Imagens dramáticas compartilhadas nas redes sociais e na imprensa colombiana revelam o cenário de devastação provocado pelo forte terremoto de magnitude 7,4 que atingiu o país na manhã desta segunda-feira (10). O abalo sísmico, cujo epicentro foi registrado no departamento de Chocó, a 20 quilômetros de San José del Palmar, teve profundidade de 82 quilômetros e foi sentido com violência em grande parte do território nacional.
Os registros capturaram o pânico de moradores correndo pelas ruas, prédios que desabaram inteiros e equipes de emergência mobilizadas em meio aos escombros à procura de sobreviventes. O desastre causou dezenas de mortes e interrupções graves nos serviços essenciais.
Cenário crítico nas cidades afetadas
Pereira: É o ponto com maior letalidade confirmada até o momento. O prefeito Mauricio Salazar Peláez confirmou até o momento 20 mortes, incluindo três vítimas no Aeroporto Internacional Matecaña, que teve sua infraestrutura severamente danificada.
Manizales: O prefeito Jorge Eduardo Rojas Giraldo informou que entre 10 e 12 edifícios colapsaram completamente e cerca de 30 residências foram destruídas. O município contabiliza três mortes confirmadas. Três hospitais locais sofreram danos estruturais e operam sob contingência.
Cali: O prefeito Alejandro Eder relatou ao menos 20 estruturas colapsadas e confirmou a existência de pessoas soterradas. Devido à gravidade, a administração municipal solicitou o envio urgente de reforços das equipes de resgate de Bogotá e Medellín.

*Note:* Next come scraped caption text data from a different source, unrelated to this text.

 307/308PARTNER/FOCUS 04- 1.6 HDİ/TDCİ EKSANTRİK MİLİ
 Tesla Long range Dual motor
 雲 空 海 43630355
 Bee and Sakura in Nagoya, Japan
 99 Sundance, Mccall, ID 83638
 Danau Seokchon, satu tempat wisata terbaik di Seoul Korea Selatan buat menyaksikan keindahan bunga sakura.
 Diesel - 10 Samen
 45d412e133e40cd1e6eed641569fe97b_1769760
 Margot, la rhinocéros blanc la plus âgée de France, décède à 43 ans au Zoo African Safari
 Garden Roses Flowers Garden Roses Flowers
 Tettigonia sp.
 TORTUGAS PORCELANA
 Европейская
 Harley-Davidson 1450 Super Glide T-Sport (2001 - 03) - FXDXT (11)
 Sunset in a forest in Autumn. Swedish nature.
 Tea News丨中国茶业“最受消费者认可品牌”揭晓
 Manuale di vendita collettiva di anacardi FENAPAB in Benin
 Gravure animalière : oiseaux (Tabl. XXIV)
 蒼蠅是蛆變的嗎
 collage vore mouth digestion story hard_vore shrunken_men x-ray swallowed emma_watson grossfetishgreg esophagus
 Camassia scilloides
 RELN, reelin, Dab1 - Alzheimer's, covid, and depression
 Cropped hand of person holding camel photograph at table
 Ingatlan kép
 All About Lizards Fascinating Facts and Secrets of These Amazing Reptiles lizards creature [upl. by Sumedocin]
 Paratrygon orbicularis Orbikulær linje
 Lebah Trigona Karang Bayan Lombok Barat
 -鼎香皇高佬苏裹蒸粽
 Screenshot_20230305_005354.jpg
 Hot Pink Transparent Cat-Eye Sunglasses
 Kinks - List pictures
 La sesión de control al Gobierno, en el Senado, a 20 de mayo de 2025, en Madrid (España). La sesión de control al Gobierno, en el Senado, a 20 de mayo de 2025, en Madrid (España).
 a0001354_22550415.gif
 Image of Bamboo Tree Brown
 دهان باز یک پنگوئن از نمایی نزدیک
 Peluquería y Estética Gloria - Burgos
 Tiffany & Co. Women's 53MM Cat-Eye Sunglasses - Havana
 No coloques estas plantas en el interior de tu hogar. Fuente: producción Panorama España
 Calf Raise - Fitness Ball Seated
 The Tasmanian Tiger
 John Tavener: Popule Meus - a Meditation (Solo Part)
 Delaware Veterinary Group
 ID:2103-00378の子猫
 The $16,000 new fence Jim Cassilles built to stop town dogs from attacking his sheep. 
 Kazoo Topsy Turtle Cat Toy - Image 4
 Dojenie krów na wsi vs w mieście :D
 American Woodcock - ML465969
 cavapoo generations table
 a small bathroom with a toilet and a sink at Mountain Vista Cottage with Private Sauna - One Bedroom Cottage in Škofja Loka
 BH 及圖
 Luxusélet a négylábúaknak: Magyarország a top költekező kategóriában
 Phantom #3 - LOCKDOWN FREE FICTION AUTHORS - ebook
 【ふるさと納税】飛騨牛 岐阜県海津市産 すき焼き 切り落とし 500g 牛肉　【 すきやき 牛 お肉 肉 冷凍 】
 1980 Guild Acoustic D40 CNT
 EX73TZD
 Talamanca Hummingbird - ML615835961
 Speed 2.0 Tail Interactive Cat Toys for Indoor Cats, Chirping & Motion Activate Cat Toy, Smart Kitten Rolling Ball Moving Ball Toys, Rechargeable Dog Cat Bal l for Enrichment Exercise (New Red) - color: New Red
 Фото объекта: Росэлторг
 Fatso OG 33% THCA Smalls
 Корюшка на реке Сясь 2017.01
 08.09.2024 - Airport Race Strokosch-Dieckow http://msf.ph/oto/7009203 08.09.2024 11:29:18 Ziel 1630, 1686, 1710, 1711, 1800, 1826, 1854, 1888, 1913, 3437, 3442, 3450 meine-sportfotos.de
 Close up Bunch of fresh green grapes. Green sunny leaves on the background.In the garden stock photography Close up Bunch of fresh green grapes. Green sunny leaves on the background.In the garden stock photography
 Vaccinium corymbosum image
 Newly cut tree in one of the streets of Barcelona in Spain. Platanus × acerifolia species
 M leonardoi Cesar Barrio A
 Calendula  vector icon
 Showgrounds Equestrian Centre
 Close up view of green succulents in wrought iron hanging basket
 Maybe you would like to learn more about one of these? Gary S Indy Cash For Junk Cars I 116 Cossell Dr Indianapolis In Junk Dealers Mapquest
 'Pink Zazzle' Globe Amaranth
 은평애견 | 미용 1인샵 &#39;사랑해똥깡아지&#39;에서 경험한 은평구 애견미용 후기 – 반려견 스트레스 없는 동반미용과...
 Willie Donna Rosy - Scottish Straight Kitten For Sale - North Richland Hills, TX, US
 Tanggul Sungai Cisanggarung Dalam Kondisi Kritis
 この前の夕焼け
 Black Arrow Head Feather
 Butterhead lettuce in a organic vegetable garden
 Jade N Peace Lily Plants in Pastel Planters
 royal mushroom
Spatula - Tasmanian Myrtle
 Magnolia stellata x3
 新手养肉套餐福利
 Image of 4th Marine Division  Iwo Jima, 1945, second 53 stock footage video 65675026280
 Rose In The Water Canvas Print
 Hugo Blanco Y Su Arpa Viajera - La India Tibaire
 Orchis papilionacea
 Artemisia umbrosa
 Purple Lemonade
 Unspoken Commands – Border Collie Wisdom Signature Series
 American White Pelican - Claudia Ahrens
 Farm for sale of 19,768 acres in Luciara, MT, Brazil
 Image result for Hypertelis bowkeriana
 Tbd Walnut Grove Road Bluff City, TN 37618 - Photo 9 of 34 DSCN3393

Apagão e fechamento do espaço aéreo Além dos danos estruturais, a região afetada enfrenta um colapso nos serviços públicos. Manizales e Pereira registram apagões de energia elétrica e interrupções completas nas redes de telefonia móvel.
Por motivos de segurança, a Aeronáutica Civil colombiana determinou a suspensão imediata de todas as operações aéreas nos aeroportos de Pereira, Manizales, Quibdó, Armenia, Cartago e Buenaventura, até que vistorias minuciosas garantam a integridade das pistas e torres de controle. A Defesa Civil e o Corpo de Bombeiros permanecem em alerta máximo diante do risco iminente de réplicas.